6 medical insurance startups to know


From launching recent health plans to partnering with existing payers, more startups are moving into the medical insurance space. Listed here are six startups Becker’s has reported on since Aug. 1. 

Curative introduces no-copay health plan in Texas

Startup Curative, best known for providing COVID-19 testing, is launching a health plan within the Austin, Texas, area billed as having no copay or deductible costs. The startup was launched by British entrepreneur Fred Turner in 2020. 

Startup Cityblock Health expanding to Indiana to serve MDwise plan members

Cityblock Health, a Latest York City-based startup focused on providing care to low income patients, announced it’s expanding to Indiana Sept. 20, in partnership with insurer MDwise. Cityblock, founded in 2017, also operates in Connecticut, Massachusetts, Latest York, North Carolina, Washington, D.C., and Ohio. The corporate was spun-off from Google’s urban innovation group Sidewalk Labs in 2017, in line with CNBC. 

Former Humana execs launch small business advantages startup 

Two former Humana executives are making a recent business focused on selling health plans to employers with fewer than 50 employees, KYInno reported Sept. 20. Arrow Health, created by former Humana Director of Strategy and Growth Waleed Bahouth and former Director of Advantages Erik Anderson founded the corporate, which currently has 43 clients for 2023 advantages. 

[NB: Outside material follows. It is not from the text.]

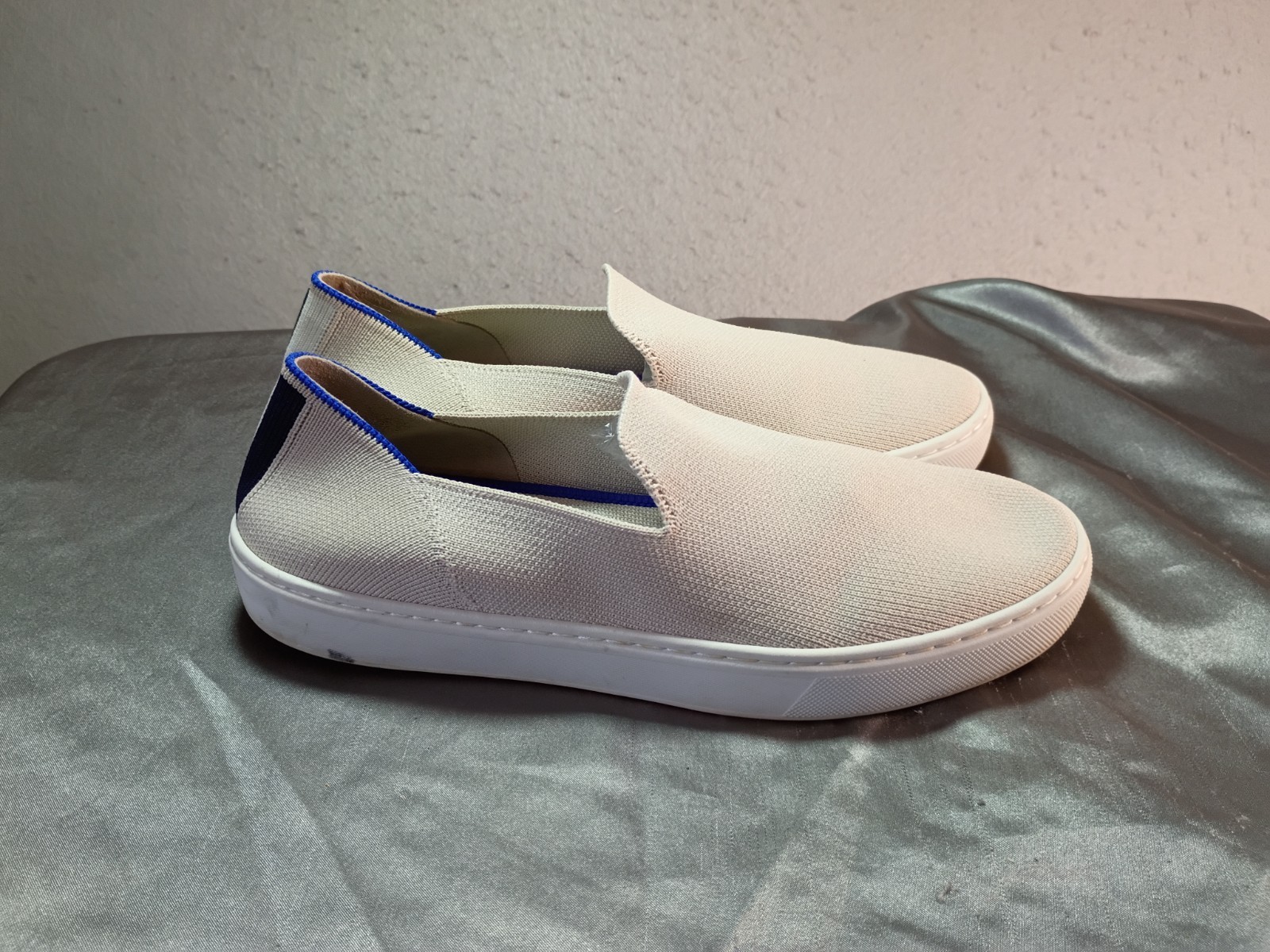 Rothys The Original Slip On Sneaker Sand Beige Knit Womens Size 7.5 Washable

Priority Health, Homeward partner on value-based rural care 

Priority Health, a Michigan nonprofit payer, is partnering with rural-healthcare-focused startup Homeward to offer at-home and mobile care. Homeward recently clinched $50 million in series B funding. 

Small-business-focused startup Sana expands to recent markets 

Sana, a small-business-focused payer, announced Sept. 14 it’s moving into Alabama. The startup also entered the Wisconsin small business market in August. 

Cigna, Optum amongst backers of mental health platform Alma in $130M investment roun

Cigna and Optum’s enterprise funds were among the many investors backing mental health startup Alma, an organization that helps independent mental healthcare providers construct their platforms. The startup raised $130 million of series D funding, it said Aug. 30.